How to Migrate an On-premises Windows Server to Jotelulu

Learn how to easily migrate a physical Windows machine from your on-premises server to a Jotelulu server.

With the growing demand for ever more computing power, greater flexibility and increasingly strict requirements with regard to security and regulations, you may find yourself needing to migrate your on-premises servers to a cloud service provider like Jotelulu.

And if you have never carried out a migration like this before, this can be a real headache, even for experienced IT technicians.

Here at Jotelulu, we are fully aware of this, so we have worked hard to make sure that your transition from a traditional model to a hybrid or 100% cloud model is as quick and pain-free as possible. In this tutorial, we are going to look at how to migrate an on-premises Windows server to the Jotelulu cloud using the Jotelulu Migration tool.

Before we get started, it is worth mentioning that there exist many tools that you can use for a task like this. However, we are going to use a well-established tool, Disk2vhd from SysInternals.

This tool first appeared in 2009 and was developed by Mark Russinovich as a utility to migrate physical disks to Microsoft virtual environments. However, it can be used with a wide range of other infrastructures as the output is a VHD (Virtual Hard Disk), which is now an industry standard and be used on Hyper-V, VMWare, VirtualBox, etc.


How to migrate an on-premises Windows server to Jotelulu


Before you get started:

To successfully complete this tutorial and migrate your on-premises Windows server to Jotelulu, you will need:

  • To be registered on the platform and have logged in.
  • To have a physical Windows server that you wish to migrate.

NOTE: If you are using Windows Server 2012, we recommend performing a defragmentation before the migration. Unlike newer servers (Windows Server 2016 and onwards), the system does not automatically perform a defragmentation, and this can mean that the migrated image will be bigger than necessary and take longer to migrate.


Part 1 – Start the migration process on the Jotelulu platform

To get started, load the Jotelulu platform and go to the Partner Area (1).

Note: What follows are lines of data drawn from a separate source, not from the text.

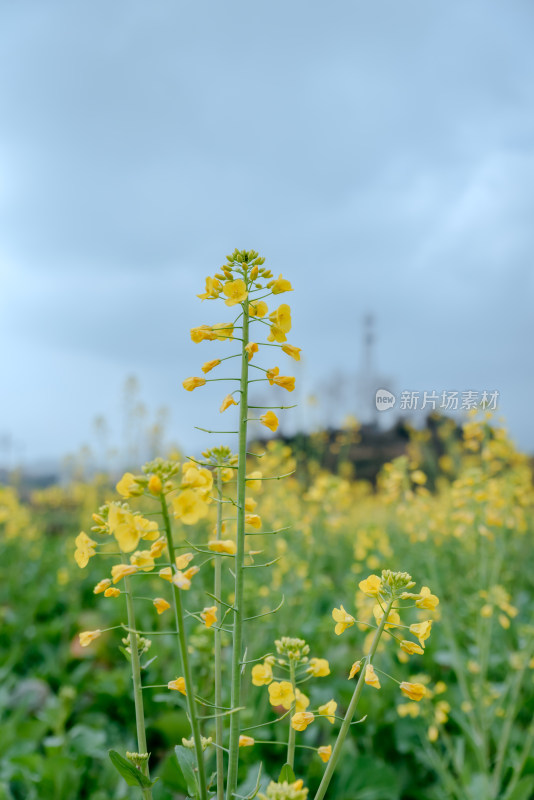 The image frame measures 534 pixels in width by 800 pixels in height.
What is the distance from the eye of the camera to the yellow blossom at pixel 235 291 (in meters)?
1.10

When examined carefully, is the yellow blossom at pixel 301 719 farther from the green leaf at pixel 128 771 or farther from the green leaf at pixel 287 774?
the green leaf at pixel 128 771

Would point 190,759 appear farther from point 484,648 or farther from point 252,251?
point 484,648

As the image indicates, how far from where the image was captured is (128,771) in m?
1.00

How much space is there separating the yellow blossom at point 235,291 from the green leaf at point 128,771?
760 millimetres

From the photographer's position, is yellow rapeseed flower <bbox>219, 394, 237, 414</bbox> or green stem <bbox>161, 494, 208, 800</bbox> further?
yellow rapeseed flower <bbox>219, 394, 237, 414</bbox>

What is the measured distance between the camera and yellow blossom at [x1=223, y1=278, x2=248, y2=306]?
3.61 ft

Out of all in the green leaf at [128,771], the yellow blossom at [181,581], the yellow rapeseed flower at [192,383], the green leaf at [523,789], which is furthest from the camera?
the green leaf at [523,789]

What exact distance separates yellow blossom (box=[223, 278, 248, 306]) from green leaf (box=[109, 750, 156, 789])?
76 cm

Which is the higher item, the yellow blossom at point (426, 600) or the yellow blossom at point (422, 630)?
the yellow blossom at point (426, 600)

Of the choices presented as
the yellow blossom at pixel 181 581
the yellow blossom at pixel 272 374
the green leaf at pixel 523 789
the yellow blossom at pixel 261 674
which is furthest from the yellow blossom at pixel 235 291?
the green leaf at pixel 523 789

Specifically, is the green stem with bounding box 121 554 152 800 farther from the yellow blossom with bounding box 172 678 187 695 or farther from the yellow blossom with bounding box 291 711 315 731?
the yellow blossom with bounding box 291 711 315 731

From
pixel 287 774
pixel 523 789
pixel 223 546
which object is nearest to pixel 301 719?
pixel 287 774

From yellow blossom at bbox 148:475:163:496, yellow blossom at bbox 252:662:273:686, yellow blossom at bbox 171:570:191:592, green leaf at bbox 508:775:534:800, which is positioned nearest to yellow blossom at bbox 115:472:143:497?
yellow blossom at bbox 148:475:163:496

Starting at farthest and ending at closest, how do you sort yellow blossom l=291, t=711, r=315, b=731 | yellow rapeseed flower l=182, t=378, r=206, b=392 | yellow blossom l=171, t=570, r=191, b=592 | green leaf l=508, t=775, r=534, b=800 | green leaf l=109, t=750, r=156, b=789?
green leaf l=508, t=775, r=534, b=800 → yellow rapeseed flower l=182, t=378, r=206, b=392 → yellow blossom l=291, t=711, r=315, b=731 → green leaf l=109, t=750, r=156, b=789 → yellow blossom l=171, t=570, r=191, b=592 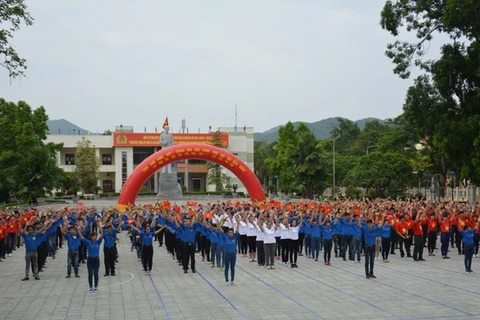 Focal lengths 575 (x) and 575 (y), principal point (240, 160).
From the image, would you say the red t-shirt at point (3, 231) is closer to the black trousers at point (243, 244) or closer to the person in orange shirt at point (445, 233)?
the black trousers at point (243, 244)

Part 1 - Go to the Partner Area on the Jotelulu platform

Part 1 – Go to the Partner Area on the Jotelulu platform

Then, click on Migration (2) in the left-hand menu.

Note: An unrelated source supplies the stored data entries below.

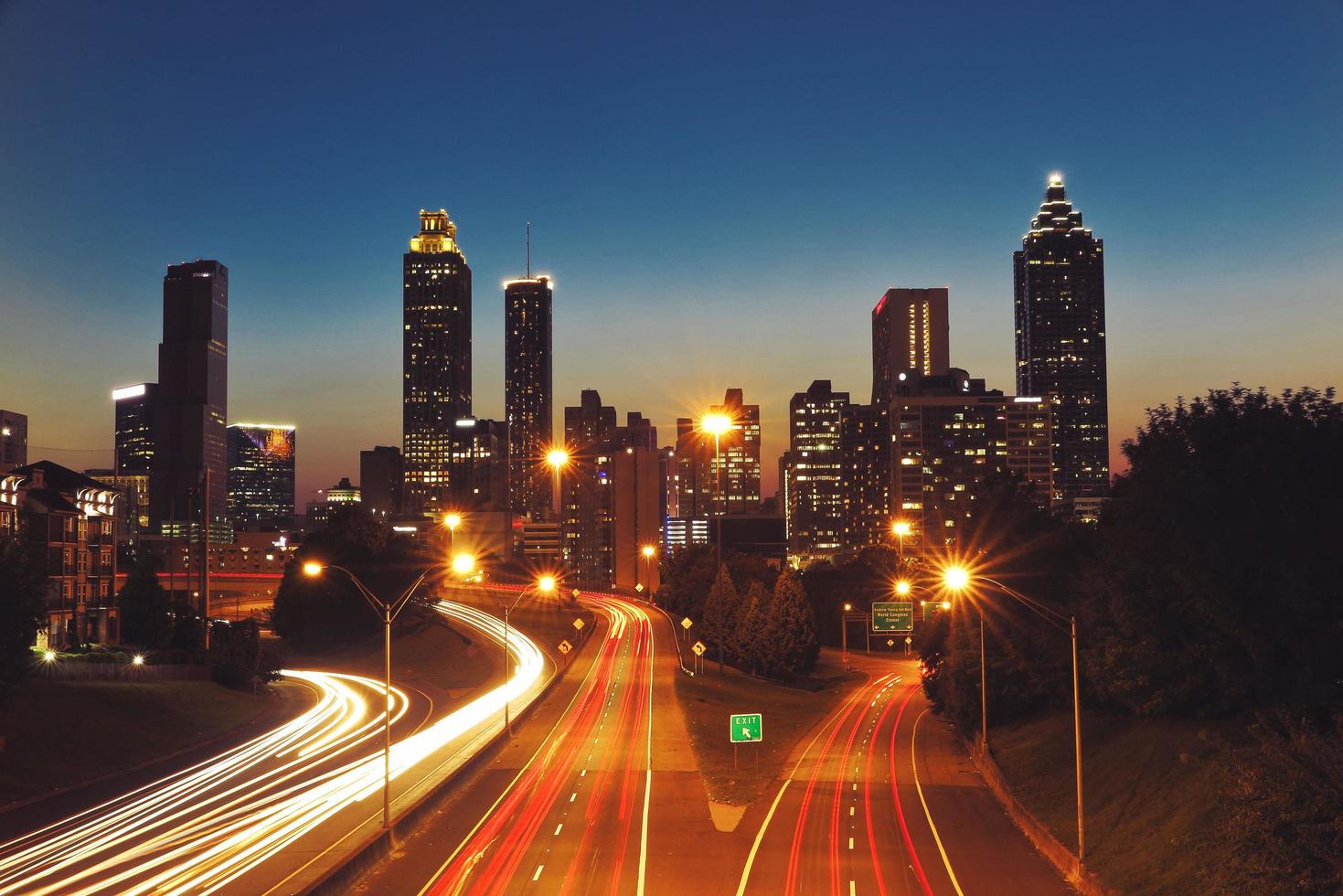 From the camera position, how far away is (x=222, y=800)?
134ft

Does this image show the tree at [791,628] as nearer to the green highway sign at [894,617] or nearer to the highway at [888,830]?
the green highway sign at [894,617]

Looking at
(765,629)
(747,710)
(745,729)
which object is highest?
(745,729)

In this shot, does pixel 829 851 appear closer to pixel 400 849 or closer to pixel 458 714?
pixel 400 849

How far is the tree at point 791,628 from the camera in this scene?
8844 centimetres

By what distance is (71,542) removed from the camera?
Answer: 269 feet

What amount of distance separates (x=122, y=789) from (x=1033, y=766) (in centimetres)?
3650

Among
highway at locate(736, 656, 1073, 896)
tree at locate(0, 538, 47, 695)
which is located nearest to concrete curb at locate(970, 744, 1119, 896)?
highway at locate(736, 656, 1073, 896)

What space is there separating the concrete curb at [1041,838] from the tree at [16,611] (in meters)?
37.7

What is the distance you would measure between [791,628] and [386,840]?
193ft

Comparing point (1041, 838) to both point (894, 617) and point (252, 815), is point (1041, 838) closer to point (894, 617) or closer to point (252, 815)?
point (252, 815)

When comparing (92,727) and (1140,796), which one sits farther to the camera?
(92,727)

Part 1 - Click on "Migration" in the Partner Area

Part 1 – Click on “Migration” in the Partner Area

Next, launch a new migration by clicking on “New Migration” (3).

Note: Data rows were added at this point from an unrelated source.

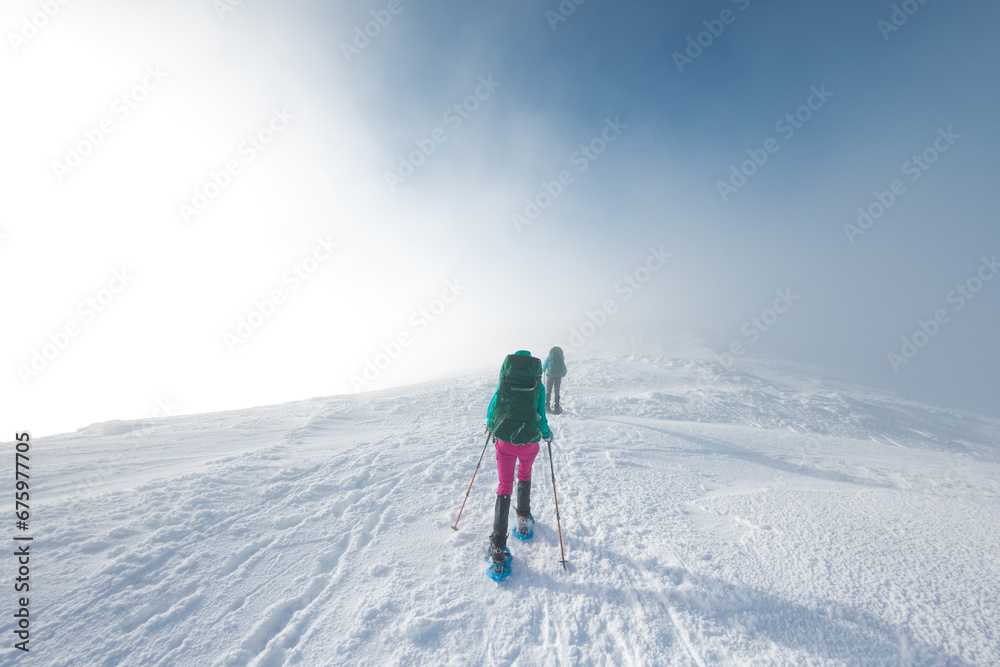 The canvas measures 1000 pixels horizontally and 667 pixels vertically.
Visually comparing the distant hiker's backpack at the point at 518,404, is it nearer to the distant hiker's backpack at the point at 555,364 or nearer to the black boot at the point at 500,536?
the black boot at the point at 500,536

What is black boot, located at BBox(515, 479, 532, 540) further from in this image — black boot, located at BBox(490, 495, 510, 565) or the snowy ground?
black boot, located at BBox(490, 495, 510, 565)

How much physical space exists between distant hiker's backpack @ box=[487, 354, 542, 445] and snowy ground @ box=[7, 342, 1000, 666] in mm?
1783

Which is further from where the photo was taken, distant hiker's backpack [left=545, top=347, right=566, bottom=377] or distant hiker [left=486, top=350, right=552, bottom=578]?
distant hiker's backpack [left=545, top=347, right=566, bottom=377]

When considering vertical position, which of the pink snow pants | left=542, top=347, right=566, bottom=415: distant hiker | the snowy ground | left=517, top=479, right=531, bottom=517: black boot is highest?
left=542, top=347, right=566, bottom=415: distant hiker

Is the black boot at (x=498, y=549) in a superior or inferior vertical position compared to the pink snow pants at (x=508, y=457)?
inferior

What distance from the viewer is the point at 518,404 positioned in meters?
4.57

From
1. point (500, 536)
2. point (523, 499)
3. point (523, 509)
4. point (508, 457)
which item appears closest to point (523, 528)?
point (523, 509)

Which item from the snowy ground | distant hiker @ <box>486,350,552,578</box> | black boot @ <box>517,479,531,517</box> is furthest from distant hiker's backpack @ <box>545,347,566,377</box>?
distant hiker @ <box>486,350,552,578</box>

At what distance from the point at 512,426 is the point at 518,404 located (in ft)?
1.01

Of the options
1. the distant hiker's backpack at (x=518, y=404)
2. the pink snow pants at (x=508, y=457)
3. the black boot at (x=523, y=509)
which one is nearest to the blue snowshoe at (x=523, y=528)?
the black boot at (x=523, y=509)

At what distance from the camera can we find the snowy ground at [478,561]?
11.0 ft

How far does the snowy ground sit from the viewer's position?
3.35 metres

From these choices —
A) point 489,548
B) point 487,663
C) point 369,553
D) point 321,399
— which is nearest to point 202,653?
point 369,553

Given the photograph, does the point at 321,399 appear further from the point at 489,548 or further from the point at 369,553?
the point at 489,548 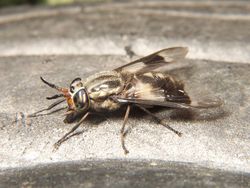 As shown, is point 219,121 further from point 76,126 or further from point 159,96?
point 76,126

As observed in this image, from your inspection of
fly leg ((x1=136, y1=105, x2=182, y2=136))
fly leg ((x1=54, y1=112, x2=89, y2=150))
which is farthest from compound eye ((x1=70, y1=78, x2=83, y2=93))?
fly leg ((x1=136, y1=105, x2=182, y2=136))

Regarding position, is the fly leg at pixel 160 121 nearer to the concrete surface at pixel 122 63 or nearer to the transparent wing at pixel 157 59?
the concrete surface at pixel 122 63

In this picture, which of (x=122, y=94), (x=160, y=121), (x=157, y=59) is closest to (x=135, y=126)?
(x=160, y=121)

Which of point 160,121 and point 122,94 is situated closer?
point 160,121

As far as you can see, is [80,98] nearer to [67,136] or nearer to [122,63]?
[67,136]

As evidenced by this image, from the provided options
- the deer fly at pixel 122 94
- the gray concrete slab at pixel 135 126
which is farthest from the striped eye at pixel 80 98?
the gray concrete slab at pixel 135 126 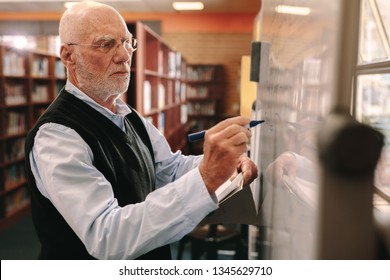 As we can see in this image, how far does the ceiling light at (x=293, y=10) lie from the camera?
0.70 meters

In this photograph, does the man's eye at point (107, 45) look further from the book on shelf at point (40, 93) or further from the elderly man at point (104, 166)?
the book on shelf at point (40, 93)

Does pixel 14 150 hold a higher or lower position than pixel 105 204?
lower

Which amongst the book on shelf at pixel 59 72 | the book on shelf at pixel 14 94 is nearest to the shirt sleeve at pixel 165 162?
the book on shelf at pixel 14 94

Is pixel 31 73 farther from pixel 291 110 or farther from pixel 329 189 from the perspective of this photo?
pixel 329 189

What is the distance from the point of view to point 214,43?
868cm

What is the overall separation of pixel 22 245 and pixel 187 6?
5751mm

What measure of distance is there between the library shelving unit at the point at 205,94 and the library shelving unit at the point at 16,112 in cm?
369

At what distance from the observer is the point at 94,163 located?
3.51 feet

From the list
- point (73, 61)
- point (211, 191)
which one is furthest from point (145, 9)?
point (211, 191)

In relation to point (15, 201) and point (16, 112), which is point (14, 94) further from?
point (15, 201)

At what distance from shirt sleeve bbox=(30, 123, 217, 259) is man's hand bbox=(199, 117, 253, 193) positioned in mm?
37

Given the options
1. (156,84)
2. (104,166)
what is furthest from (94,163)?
(156,84)

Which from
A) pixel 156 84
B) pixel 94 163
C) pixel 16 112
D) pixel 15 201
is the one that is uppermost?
pixel 156 84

NOTE: This page may look different if you have already performed previous migrations. In which case, they will be listed here.

Part 1 - Launch a new migration

Part 1 – Launch a new migration

You will now be guided through the process to prepare the system for the migration of your server to Jotelulu.

First, you need to select the type of service to migrate. Since we are migrating a server, you should select “Servers” (4) from the options shown.

Part 1 - Click on "Servers"

Part 1 – Click on “Servers”

Next, you need to specify whether your server is physical or virtual (5), which in this case will be physical.

Then, you will need to choose the format in which the server will be imported. Select “VHD – Disk Conversion” (6).

Similarly, you will need to select the way that the VHD will be uploaded to Jotelulu.

Here, you should select FTP (7) and give a name to the disk that you are going to import (8). This will be the name that the migration system will expect to receive when we upload the image.

You will also have to provide a display name for the disk (9). This is how the server will be displayed on the platform once the migration is complete.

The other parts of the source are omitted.